The case exemplified the ways America’s criminal justice system unfairly targets people of color. It also exemplified two of Trump’s key flaws: his flagrant bigotry and his inability to apologize even when faced with evidence demonstrating that he can’t be right beyond his wildest imaginings.
Trump’s campaign to “make America great again” over the past year has almost exclusively depended on making Black Lives Matter activists, Muslims, and immigrants enemy No. 1 to national security. Trump’s message has been likened to that of Richard Nixon in the 1968 campaign, who also advocated for “law and order” following the social unrest of the 1960s. But Trump is also simply echoing himself.

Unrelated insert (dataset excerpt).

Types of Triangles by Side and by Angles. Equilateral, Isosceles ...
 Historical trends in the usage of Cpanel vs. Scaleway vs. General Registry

And despite the evidence, when the Central Park Five settlement was announced, Trump returned to the New York Daily News to write an editorial to prove he still wasn’t wrong: “Settling doesn’t mean innocence, but it indicates incompetence on several levels. This case has not been dormant, and many people have asked why it took so long to settle? It is politics at its lowest and worst form.”
As Vox’s Timothy Lee explained, Trump can’t (and won’t) admit when he’s made a mistake. But Trump touts himself as the law-and-order candidate, and by refusing to recognize when the law has wronged citizens, he sets a dangerous message that justice is not necessary to maintain social order.